Hi swift-evolution,
Below is a short pitch for some performance improvements to be made to String to accommodate Substrings.
As outlined in SE-0163, the more general question of implicit conversion from Substring to String was deferred pending feedback on the initial implementation. To date, the feedback we’ve received hasn’t suggested that such an implicit conversion is necessary – that migrations from 3.2 to 4.0 haven’t led to an extensive need to perform Substring->String conversion. Any further input, either on or off list, about this particular aspect of migration would be very gratefully received.
# Substring performance affordances
* Proposal: [SE-NNNN](NNNN-substring-affordances.md)
* Authors: [Ben Cohen](https://github.com/airspeedswift\)
* Review Manager: TBD
* Status: **Awaiting review**
## Introduction
This proposal modifies a small number of methods in the standard library that
are commonly used with the `Substring` type:
- Modify the `init` on floating point and integer types, to construct them
from `StringProtocol` rather than `String`.
- Change `join` to be an extension `where Element: StringProtocol`
- Add extensions to `Dictionary where Key == String` and `Set where Element ==
String` to test for presence of a `Substring`.
## Motivation
Swift 4 introduced `Substring` as the slice type for `String`. Previously,
`String` had been its own slice type, but this leads to issues where string
buffers can be unexpectedly retained. This approach was adopted instead of the
alternative of having the slicing operation make a copy. A copying slicing
operation would have negative performance consequences, and would also conflict
with the requirement that `Collection` be sliceable in constant time. In cases
where an API requires a `String`, the user must construct a new `String` from a
`Substring`. This can be thought of as a "deferral" of the copy that was
avoided at the time of the slice.
There are a few places in the standard library where it is notably inefficient
to force a copy of a substring in order to use it with a string: performing
lookups in hashed containers, joining substrings, and converting substrings to
integers. In particular, these operations are likely to be used inside a loop
over a number of substrings extracted from a string. For example, suppose you
had a string of key/value pairs, where the values were integers and you wanted
to sum them by key. You would be forced to convert both the `Substring` keys
and values to `String` to do this.
## Proposed solution
Add the following to the standard library:
extension FixedWidthInteger {
public init?<S : StringProtocol>(_ text: S, radix: Int = 10)
}
extension Float/Double/Float80 {
public init?<S : StringProtocol>(_ text: S, radix: Int = 10)
}
extension Sequence where Element: StringProtocol {
public func joined(separator: String = "") -> String
}
extension Dictionary where Key == String {
public subscript(key: Substring) -> Value? { get set }
public subscript(key: Substring, default defaultValue: @autoclosure () -> Value) -> Value { get set }
}
extension Set where Element == String {
public func contains(_ member: Substring) -> Bool
public func index(of member: Substring) -> Index?

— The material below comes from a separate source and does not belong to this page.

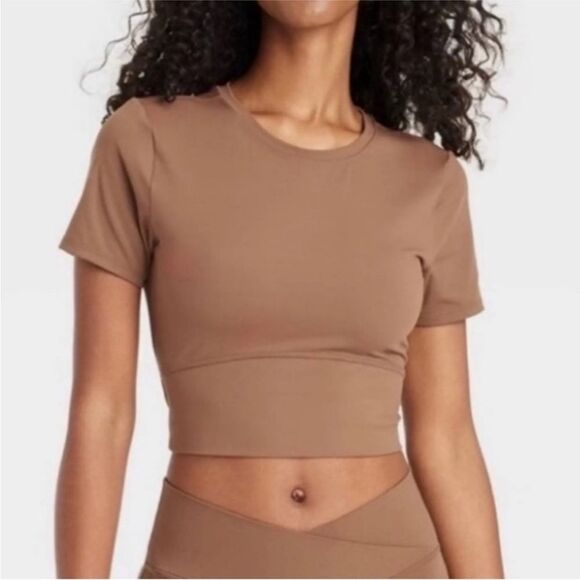 Women's Tan Crop Top JoyLab M - Picture 1 of 4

public mutating func insert(_ newMember: Substring) -> (inserted: Bool, memberAfterInsert: Element)
public mutating func remove(_ member: Substring) -> Element?
}
These additions are deliberately narrow in scope. They are _not_ intended to
solve a general problem of being able to interchange substrings for strings (or
more generally slices for collections) generically in different APIs. See the
alternatives considered section for more on this.
## Source compatibility
No impact, these are either additive (in case of hashed containers) or
generalize an existing API to a protocol (in case of numeric
conversion/joining).
## Effect on ABI stability
The hashed container changes are additive so no impact. The switch from conrete
to generic types for the numeric conversions needs to be made before ABI
stability.
## Alternatives considered
While they have a convenience benefit as well, this is not the primary goal of
these additions, but a side-effect of helping avoid a performance problem. In
many other cases, the performance issues can be avoided via modified use e.g.
`Sequence.contains` of a `Substring` in a sequence of strings can be written as
`sequence.contains { $0 == substring }` .
These changes are limited in scope, and further additions could be considered
in the future. For example, should the `Dictionary.init(grouping:by:) where Key
== String` operation be enhanced to similarly take a sequence of substrings?
There is a long tail of these cases, and the need to keep unnecessary overloads
to a minimum, avoiding typechecker work and code bloat, must be weighed against
the likelyhood that string copies will be a performance problems.
There is a more general problem of interoperating between collections and
slices. In the future, there may be other affordances for converting/comparing
them. For example, it might be desirable to require equatable collections to
have equatable slices, and to automatically provide default implementations of
`==` that efficiently compare a collection to its default slice. These
enhancements rely on features such as conditional conformance, and so may be
worth considering in later versions of Swift but are not an option currently.